START SUPPLIED MATERIAL

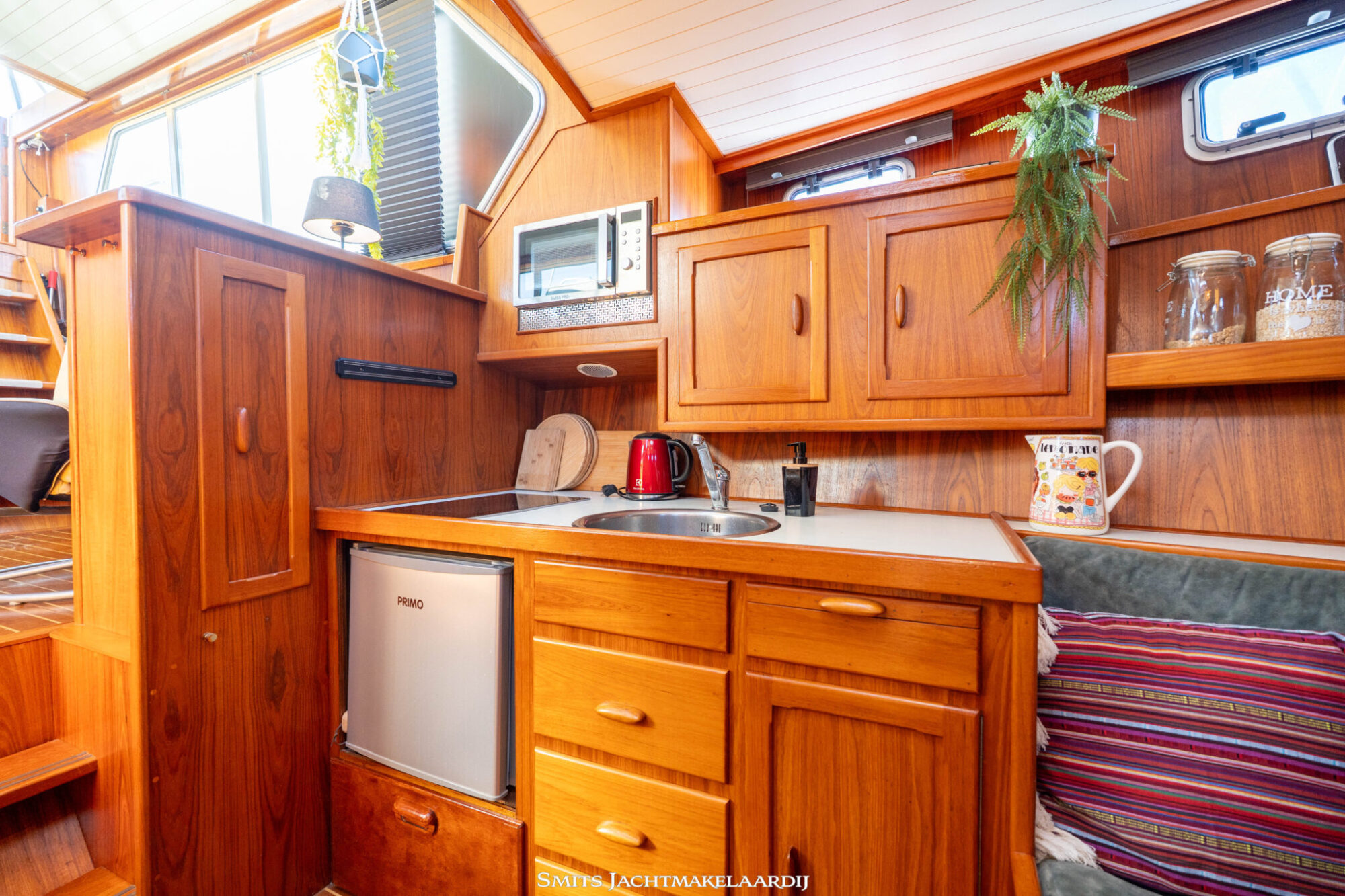 foto: 23 MMS MMS Bakdekkruiser 12.00 AK Cabrio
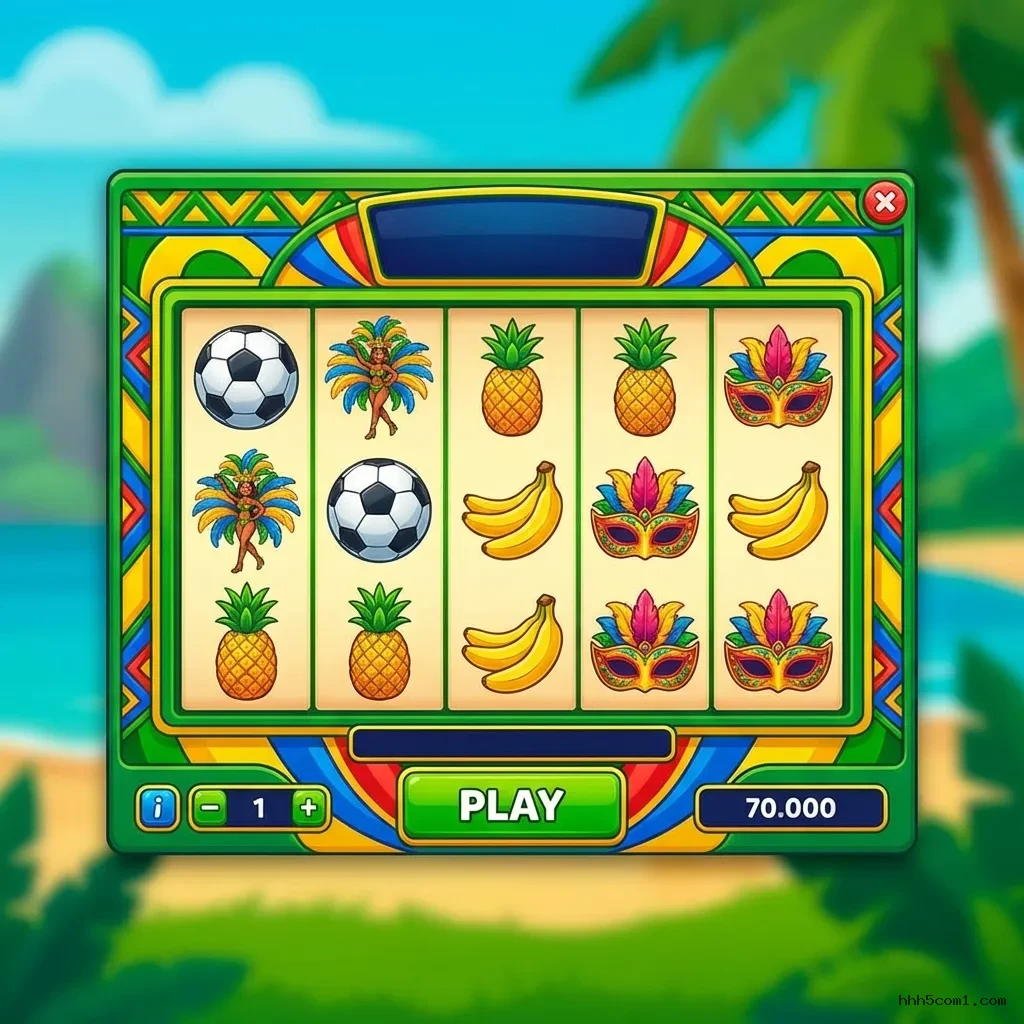 Baccarat Online Hhh5.com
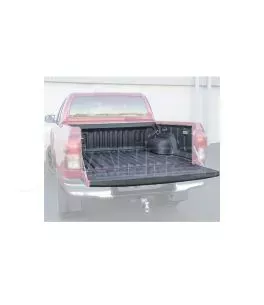 Nissan Navara (NP300) 2015+ Διαιρούμενο Κάλυμμα Καρότσας [SportGuard] 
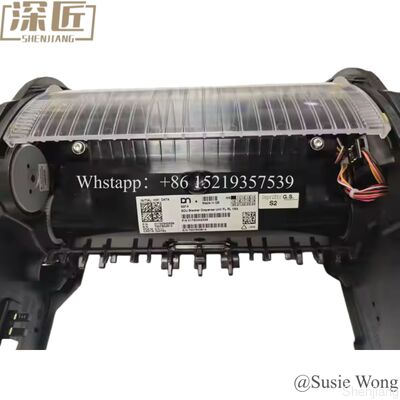 1750342439 Pièces d'origine neuves pour GAB Diebold Nixdorf SDU Unité de distribution et d'empilage FL RL V6A 01750342439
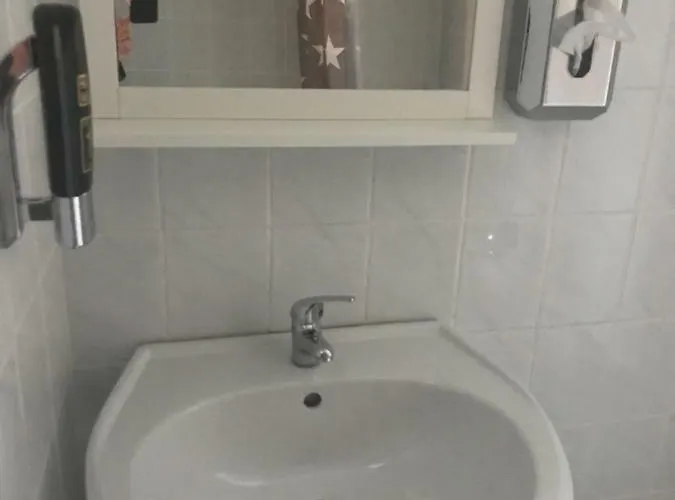 Hotel De Kust Zandvoort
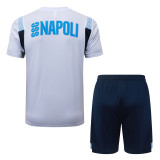 26-27 Napoli High Quality Training Short Suit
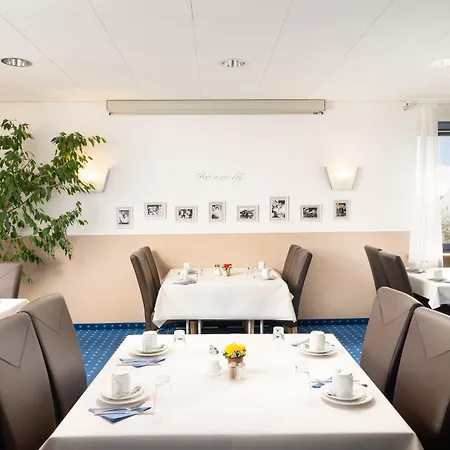 Mainstreet Frankfurt Airport Ξενοδοχείο 3*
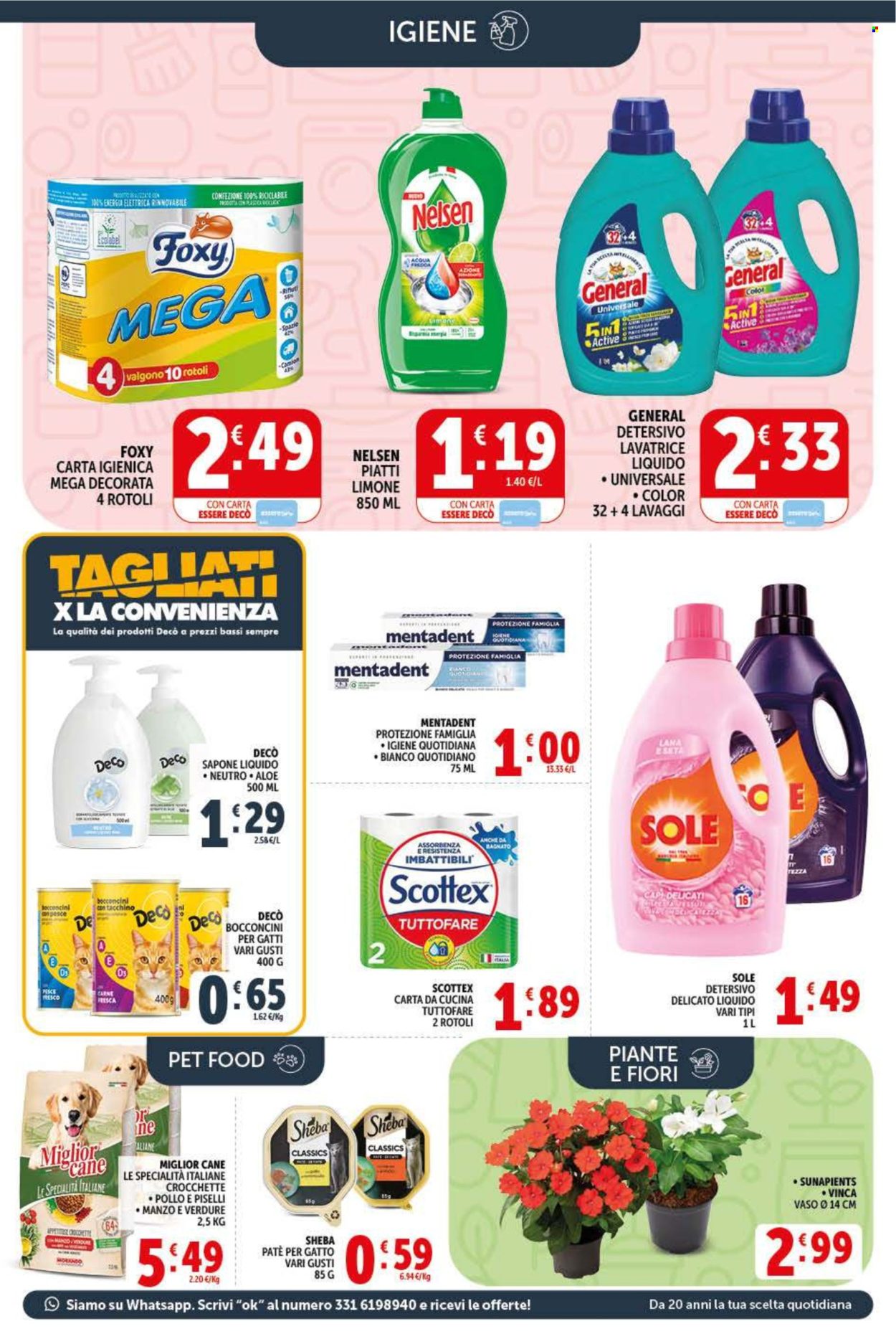 Volantino Deco - 20/5/2026 - 28/5/2026. Pagina 11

END SUPPLIED MATERIAL

HOW TO COMPLETE THIS TASK: Copy, word for word, the entries above from the first line to the line that holds "Hotel De Kust Zandvoort". Drop the pictures.

TASK RESPONSE:
 foto: 23 MMS MMS Bakdekkruiser 12.00 AK Cabrio
 Baccarat Online Hhh5.com
 Nissan Navara (NP300) 2015+ Διαιρούμενο Κάλυμμα Καρότσας [SportGuard] 
 1750342439 Pièces d'origine neuves pour GAB Diebold Nixdorf SDU Unité de distribution et d'empilage FL RL V6A 01750342439
 Hotel De Kust Zandvoort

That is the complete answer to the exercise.